* _What needs to be done_
Starting at the line that contains "5604 Bonniemae Way, Sacramento, CA" in the listing below, write out every line word for word until you have written the line that contains "Two Golden Sun".

= = = =

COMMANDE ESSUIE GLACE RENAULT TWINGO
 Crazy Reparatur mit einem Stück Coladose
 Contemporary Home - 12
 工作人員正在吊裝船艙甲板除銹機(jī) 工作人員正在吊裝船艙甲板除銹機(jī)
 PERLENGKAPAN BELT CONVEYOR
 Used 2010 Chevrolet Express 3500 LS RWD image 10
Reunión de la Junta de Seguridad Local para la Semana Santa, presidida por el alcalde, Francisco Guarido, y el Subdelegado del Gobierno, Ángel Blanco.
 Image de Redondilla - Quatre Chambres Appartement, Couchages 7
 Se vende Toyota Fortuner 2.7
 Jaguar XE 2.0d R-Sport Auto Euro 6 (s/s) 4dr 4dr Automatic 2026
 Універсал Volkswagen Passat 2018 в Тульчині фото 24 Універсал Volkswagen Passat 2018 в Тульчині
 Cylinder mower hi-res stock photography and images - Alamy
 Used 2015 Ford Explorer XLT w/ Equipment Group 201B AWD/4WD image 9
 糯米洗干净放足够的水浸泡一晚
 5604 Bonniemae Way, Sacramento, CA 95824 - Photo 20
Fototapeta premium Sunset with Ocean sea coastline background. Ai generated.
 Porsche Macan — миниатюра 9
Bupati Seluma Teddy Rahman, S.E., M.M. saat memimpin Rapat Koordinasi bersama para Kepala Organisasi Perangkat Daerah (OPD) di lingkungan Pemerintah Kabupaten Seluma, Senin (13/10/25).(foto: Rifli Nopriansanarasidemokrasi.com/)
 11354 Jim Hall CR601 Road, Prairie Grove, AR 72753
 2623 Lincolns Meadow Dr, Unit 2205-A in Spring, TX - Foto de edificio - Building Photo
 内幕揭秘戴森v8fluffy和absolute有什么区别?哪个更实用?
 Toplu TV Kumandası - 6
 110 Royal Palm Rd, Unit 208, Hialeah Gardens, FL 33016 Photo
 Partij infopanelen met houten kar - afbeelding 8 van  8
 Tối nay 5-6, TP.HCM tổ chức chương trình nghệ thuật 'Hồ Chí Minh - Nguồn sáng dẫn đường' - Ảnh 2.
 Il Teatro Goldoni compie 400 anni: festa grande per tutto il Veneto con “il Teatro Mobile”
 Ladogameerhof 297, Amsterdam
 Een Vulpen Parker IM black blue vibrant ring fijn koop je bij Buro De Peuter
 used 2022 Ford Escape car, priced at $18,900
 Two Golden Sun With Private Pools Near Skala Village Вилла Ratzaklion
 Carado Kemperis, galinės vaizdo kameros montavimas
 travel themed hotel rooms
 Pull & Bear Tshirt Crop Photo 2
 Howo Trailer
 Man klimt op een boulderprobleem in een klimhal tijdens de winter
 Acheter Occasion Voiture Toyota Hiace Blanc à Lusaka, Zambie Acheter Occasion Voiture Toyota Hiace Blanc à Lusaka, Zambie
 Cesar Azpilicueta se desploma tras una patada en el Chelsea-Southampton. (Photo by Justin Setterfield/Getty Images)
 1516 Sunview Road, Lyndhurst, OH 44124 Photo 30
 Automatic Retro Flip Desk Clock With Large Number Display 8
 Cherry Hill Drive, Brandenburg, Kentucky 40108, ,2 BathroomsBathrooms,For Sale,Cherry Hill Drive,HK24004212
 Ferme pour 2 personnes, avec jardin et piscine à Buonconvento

= = = =

* _Answer below_
 5604 Bonniemae Way, Sacramento, CA 95824 - Photo 20
Fototapeta premium Sunset with Ocean sea coastline background. Ai generated.
 Porsche Macan — миниатюра 9
Bupati Seluma Teddy Rahman, S.E., M.M. saat memimpin Rapat Koordinasi bersama para Kepala Organisasi Perangkat Daerah (OPD) di lingkungan Pemerintah Kabupaten Seluma, Senin (13/10/25).(foto: Rifli Nopriansanarasidemokrasi.com/)
 11354 Jim Hall CR601 Road, Prairie Grove, AR 72753
 2623 Lincolns Meadow Dr, Unit 2205-A in Spring, TX - Foto de edificio - Building Photo
 内幕揭秘戴森v8fluffy和absolute有什么区别?哪个更实用?
 Toplu TV Kumandası - 6
 110 Royal Palm Rd, Unit 208, Hialeah Gardens, FL 33016 Photo
 Partij infopanelen met houten kar - afbeelding 8 van  8
 Tối nay 5-6, TP.HCM tổ chức chương trình nghệ thuật 'Hồ Chí Minh - Nguồn sáng dẫn đường' - Ảnh 2.
 Il Teatro Goldoni compie 400 anni: festa grande per tutto il Veneto con “il Teatro Mobile”
 Ladogameerhof 297, Amsterdam
 Een Vulpen Parker IM black blue vibrant ring fijn koop je bij Buro De Peuter
 used 2022 Ford Escape car, priced at $18,900
 Two Golden Sun With Private Pools Near Skala Village Вилла Ratzaklion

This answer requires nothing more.